:: Work instruction ::
Going through the entries, how many lines include the string "Topaz"? Answer only with the number.

═══ Records for processing ═══

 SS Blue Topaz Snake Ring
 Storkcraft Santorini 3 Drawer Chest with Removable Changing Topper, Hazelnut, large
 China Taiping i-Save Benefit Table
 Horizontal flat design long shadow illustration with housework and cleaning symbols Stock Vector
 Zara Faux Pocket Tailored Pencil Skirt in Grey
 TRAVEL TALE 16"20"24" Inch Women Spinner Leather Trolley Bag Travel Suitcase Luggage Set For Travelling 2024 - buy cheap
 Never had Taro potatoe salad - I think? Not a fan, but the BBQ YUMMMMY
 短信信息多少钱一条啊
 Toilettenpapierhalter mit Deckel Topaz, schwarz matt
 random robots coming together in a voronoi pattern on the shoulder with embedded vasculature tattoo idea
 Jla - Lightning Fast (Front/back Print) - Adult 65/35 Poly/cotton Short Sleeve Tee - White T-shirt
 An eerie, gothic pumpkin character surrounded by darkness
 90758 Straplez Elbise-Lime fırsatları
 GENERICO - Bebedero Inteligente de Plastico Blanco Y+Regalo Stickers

═══

:: Written answer ::
2